Inspiring Greatness in Students
By Michael W. Firmin, Cedarville College, OH email@example.com
It gives me deep joy to “inspire greatness” in students. By this I do not mean for students to become inflated “big shots” who think that they can conquer the world before they have exercised the painstaking discipline and demonstrated maturity to warrant greatness. Rather, I mean urging students to fulfill the potential that they genuinely possess and push themselves toward the outer limits of their capabilities. Consider the following six guiding principles.
Believing in students involves sizing up their abilities and interests and assessing how far these could take them in the future if they are developed, honed, and disciplined. Some students react with surprise when I share my belief in them and their latent potential. Having someone that they respect express confidence in what they could do in time provides the impetus for them to stretch themselves toward new goals of personal excellence.
This is putting my money where my mouth is (so to speak). That is, if I really believe in some students, then I am willing to take some risks with them. All great people were once young and immature, made mistakes, and embarrassed their mentors. But the greatness eventually achieved made the clumsiness along the way worth the effort and pain of getting there.
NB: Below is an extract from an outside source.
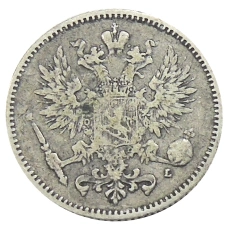 Монета 50 пенни 1893 года Русская Финляндия (реверс)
My own mentors gave me chances to develop and hone abilities early in my college experience. As a college senior, I was given a level of responsibility that amazes me even today. Various faculty and administrators believed in me and expressed their confidence in what I could do. Having experienced this efficacy early has made me want to instill it in my own students – to pass a baton.
Let me use Laura as an example. When I think of Laura, I do not see a young 23-year-old woman. I see a future school psychologist with a Ph.D. who is a leader in her field. I see someone who has made a significant difference in the lives of disadvantaged children, someone eminent and successful. Of course, Laura is none of those things today. She is a good student who is working in a pharmacy to pay her way through graduate school. But that is not the Laura I see in class every Monday night.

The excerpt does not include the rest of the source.